MSN's move follows the establishment of a similar cross-vendor comparison site operated by portal Lycos Inc., Waltham, MA. The sites will go toe-to-toe this season with online malls operated by the most heavily trafficked digital media entities, especially America Online Inc. and Yahoo Inc.
Forrester Research Inc. forecasts merchants raking in $4 billion in online sales between Thanksgiving and New Year's Day. Research firm NFO Interactive Inc. predicts the upcoming gift-buying season will drive the number of online shopping households to more than 27 million.
Some retailers fear comparison shopping sites will bite into their profit margins by helping consumers consistently find the lowest prices. But apparently such concerns have not stopped cyberstores - including some operated by veteran direct marketing players - from signing up for eShop. Participants include 800-Flowers.com, Amazon.com, Barnesandnoble.com, CDW.com, Crutchfield.com, Eddie Bauer Online, gap.com, OmahaSteaks.com and sears.com.
According to Kinsella, merchants choose to work with Microsoft largely because they trust its technology. "[Microsoft] provides something large, strategic players can use that makes them grow and flourish. It's called software. We're simply delivering those same software solutions on the Web," he said.

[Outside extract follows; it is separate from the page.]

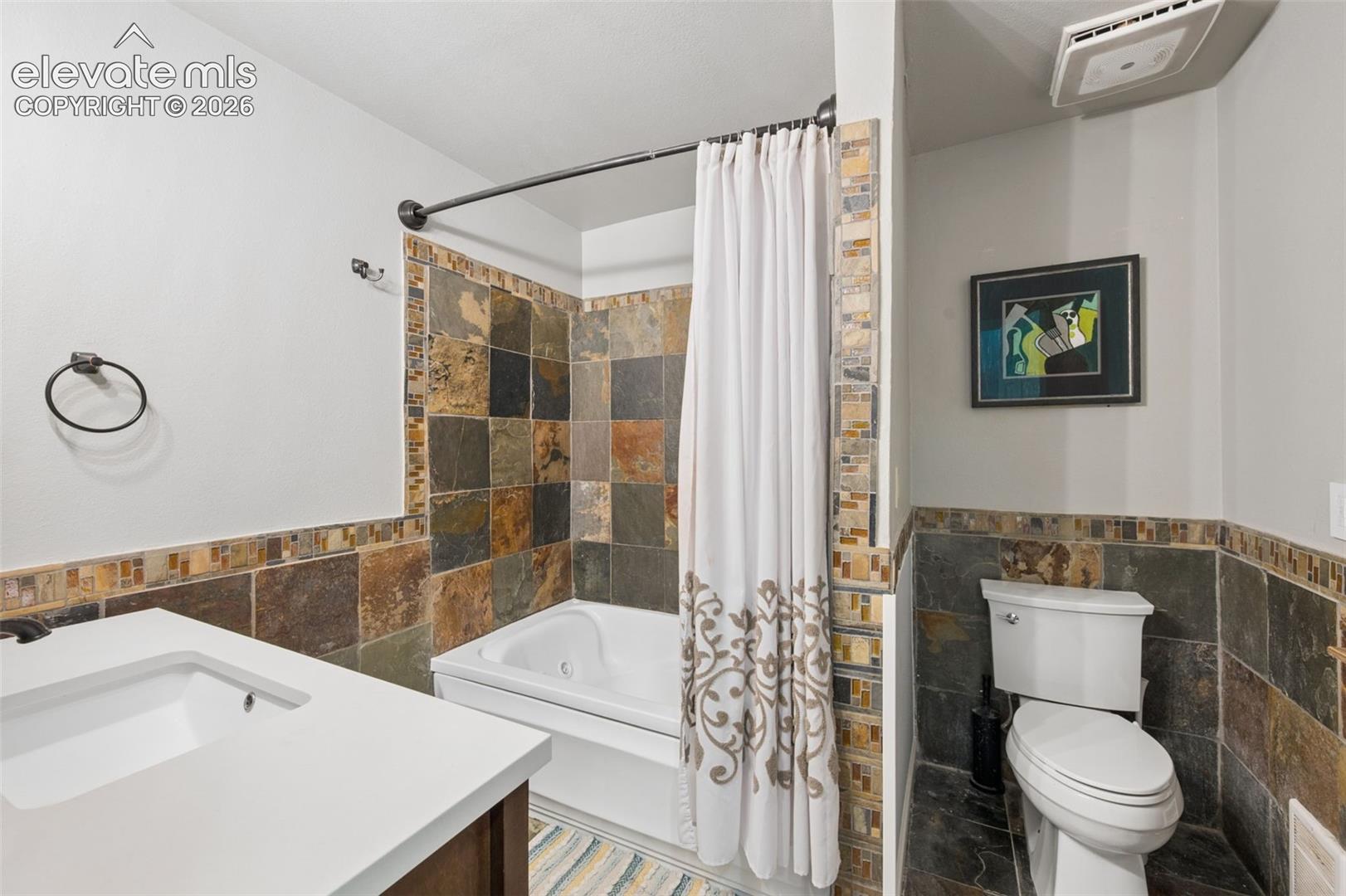 Listing photo 26 for 14015 Timber Grove Lane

"Microsoft is the No. 1 buyer of Web advertising," Kinsella said. "It puts its money where its mouth is. Microsoft has been on the Internet in very aggressive ways, and I think major players, major advertisers and marketers understand that. They feel heartened by that."
Microsoft is going after smaller merchants as well, employing a local sales force in the top 20 US markets to attract regional players to the program. Auto dealers, clothing merchants, banks and other small to mid-size firms that do business online are all potential partners, Kinsella said.
The new MSN site, at eshop.msn.com, is integrated into the company's larger Web network. For example, visitors to MSN's CarPoint auto site might be shown eShop offers for products such as car alarms. Microsoft's Passport digital wallet technology will be integrated into the site as well. MSN eShop includes a product finder and a gift finder for searching across stores.
Kinsella would not elaborate on how Microsoft will promote the site to consumers, except to say the company plans a "very aggressive" advertising campaign across "every media."